A greve dos caminhoneiros causa diversos transtornos em todo o território nacional. Crise de desabastecimento, filas intermináveis em postos de gasolina e diminuição da frota de transporte público nas ruas são as maiores consequências da paralisação iniciada nesta semana. A história brasileira mostra como decisões políticas tomadas nos anos 1950 ajudaram a pavimentar o cenário de caos vivido nos dias atuais.
Em 1953, ainda sobre a égide do aspirante a tirano Getúlio Vargas, a Lei Federal 2004/1953 criava a Petróleo Brasileiro S.A, também conhecida como Petrobras. A lei concedia o monopólio da extração e refino de petróleo para a estatal recém-criada, proibindo que outras empresas pudessem instalar refinarias e extrair petróleo – tudo em nome do estatismo exacerbado. A Constituição Federal de 1988, apelidada de “Carta de Papai Noel”, consagrou tal monopólio, praticamente inviabilizando o mercado de combustíveis no Brasil.
Com a centralização do governo sobre os combustíveis, os ocupantes de cargos no executivo federal passaram a agir de maneira populista em seu preço, sobretudo com os seguidos congelamentos de preços realizados desde a criação da Petrobras. O caso mais recente ocorreu durante o governo da ex-presidente Dilma Rousseff, que congelou os principais preços administrados pelo governo federal: combustíveis, energia elétrica e tarifas postais – para maquiar o cálculo do índice de inflação. O resultado ficou visível logo após a reeleição de Dilma em 2014, quando a realidade bateu à porta e aumentos cavalares precisaram ser realizados, atestando de vez a crise econômica da qual o país vem se recuperando a passos ainda curtos.

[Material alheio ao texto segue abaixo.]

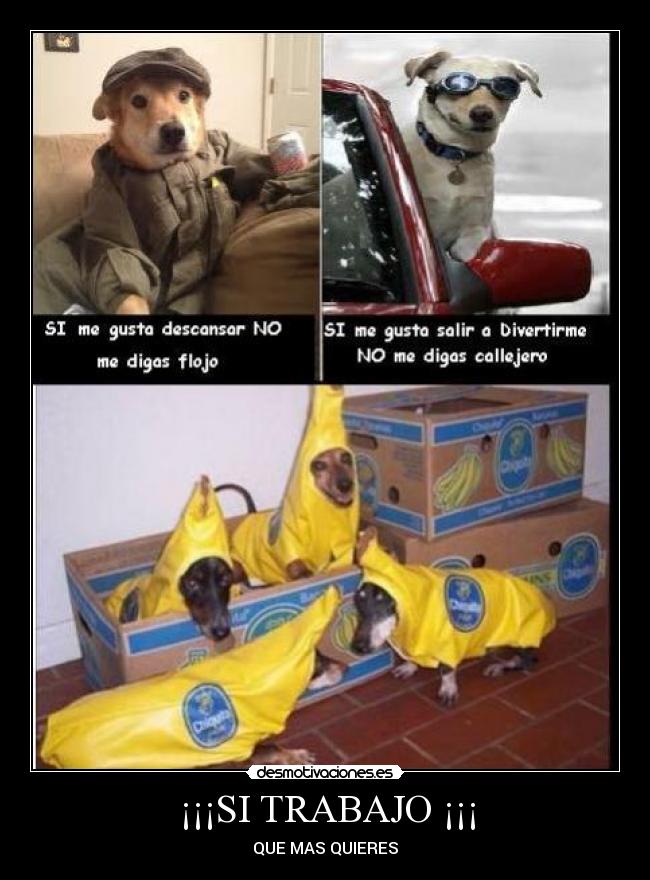 ¡¡¡SI TRABAJO ¡¡¡ -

Outra decisão errada tomada nos anos 1950 foi o incentivo dado pelo governo federal ao modal rodoviário para transporte de cargas. Tal política foi realizada durante a gestão de Juscelino Kubitschek (1956 – 1960), com a construção de grandes rodovias em detrimento da malha ferroviária existente. Em países com grande extensão territorial como o Brasil, o modelo ferroviário para transporte de cargas é o mais econômico, devido à grande capacidade de carga dos vagões e o custo mais baixo de tal modal.
Tal decisão errada do governo JK fez com que a malha ferroviária brasileira fosse desmontada e fez com que o país adotasse o transporte de cargas via caminhões como principal meio de transporte de cargas até os dias atuais. O monopólio estatal na extração e refino de combustíveis, aliado a fatores como a alta carga tributária incidente nos energéticos (ICMS, PIS-COFINS e CIDE), a insegurança nas estradas país afora, a condição lamentável das estradas, a ausência de grandes ferrovias e o populismo no tocante aos preços administrados pelo governo fizeram com que uma bomba-relógio que estava prestes a explodir fosse detonada.
Tomadas de decisão como essas realizadas nos anos 1950 deixaram um rastro de atraso no país, cujo governo cada vez mais toma conta da vida dos cidadãos. A combinação monopólio estatal/administração de preços pelo Estado gera efeitos catastróficos para a vida das pessoas como as consequências do Plano Cruzado nos anos 1980 e atualmente com os prejuízos vividos com a greve dos caminhoneiros.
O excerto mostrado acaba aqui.